# Soap Fragrances



## Suzanne Gatlin (Oct 26, 2018)

Hello all! I am new to soapmaking and going to be making some MP soaps to try my hand at it. My base is due to arrive tomorrow. I would like to know if anyone has any tips or tricks and if they get their fragrances from one place all the time or if you use different vendors. I only have my Young Living oils and I would rather find some that are not as expensive and more cost effective. I am hoping my soaps will turn out good enough that maybe I can have a little business for shows at craft fairs and such. ANY help would be greatly appreciated. 
Thanks in advance!

Suzanne


----------



## lsg (Oct 26, 2018)

Wholesale Supplies Plus, Bramble Berry, Natures Garden and Camden Grey are some of my favorite suppliers.


----------



## Suzanne Gatlin (Oct 26, 2018)

ok...do you find them cost effective for the price? I know bramble berry tutorial said to use about .3 oz per lb of base. i'm just starting and if they turn out good i will try to market at the craft fairs and such out here around me. i am going to check those others out. thx


----------



## Zany_in_CO (Oct 26, 2018)

Suzanne Gatlin said:


> I only have my Young Living oils and I would rather find some that are not as expensive and more cost effective.
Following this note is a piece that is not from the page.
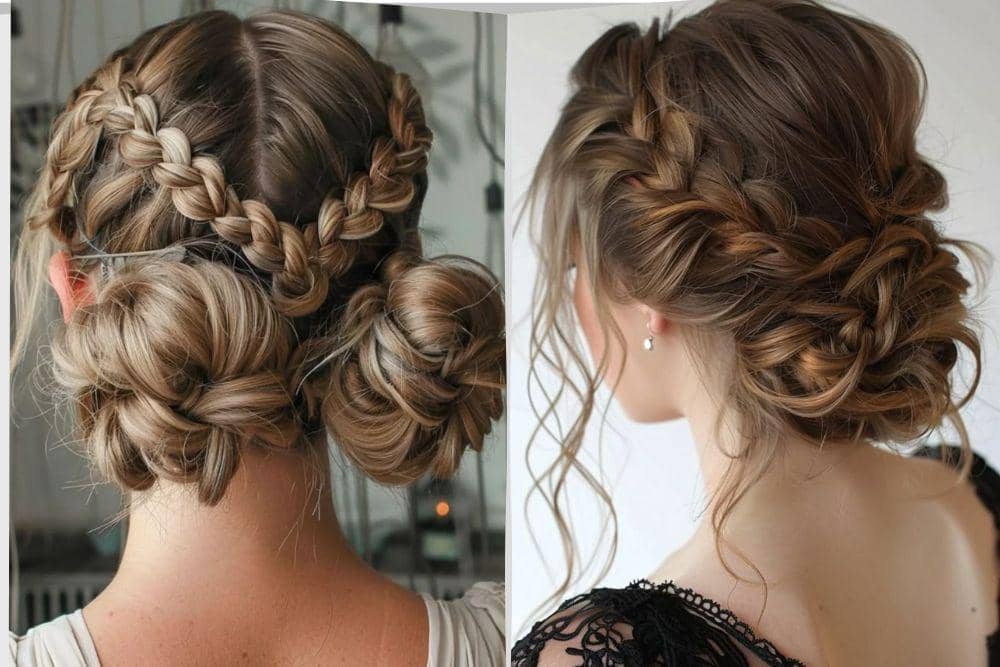 ide braided bun hairstyle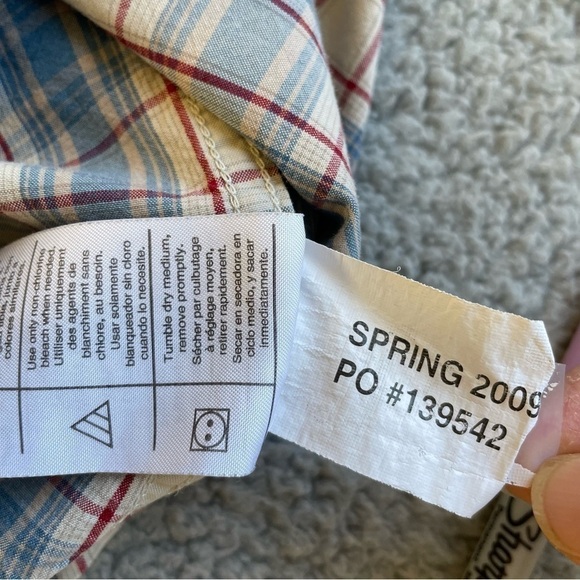 Carhartt shirt Men's S plaid collar Button down pocketed, Logo .100% Cotton - Picture 8 of 11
Hi Suzanne. Young Living essential oils are expensive because it is a multi-level sales company. For essential oils, I love Sun Pure Botanicals (New Mexico) on Ebay for quality, price and customer service. That being said, fragrance sells! So be sure to check out the recommendations on the Fragrance Forum. 

FOs are better for soap because they seem to last longer than essential oils. FO suppliers close to Phoenix would be Mad Oils in AZ, Pure Fragrance Oils in CA, Essentials by Catalina in CA, Brambleberry in WA, MMS (The Sage) in UT, off the top of my head.


----------



## Relle (Oct 26, 2018)

Suzanne you very intent to sell soap and you haven't made any yet. Here is a thread you might like to read.
https://www.soapmakingforum.com/threads/are-you-ready-to-sell-your-soap.16002/


----------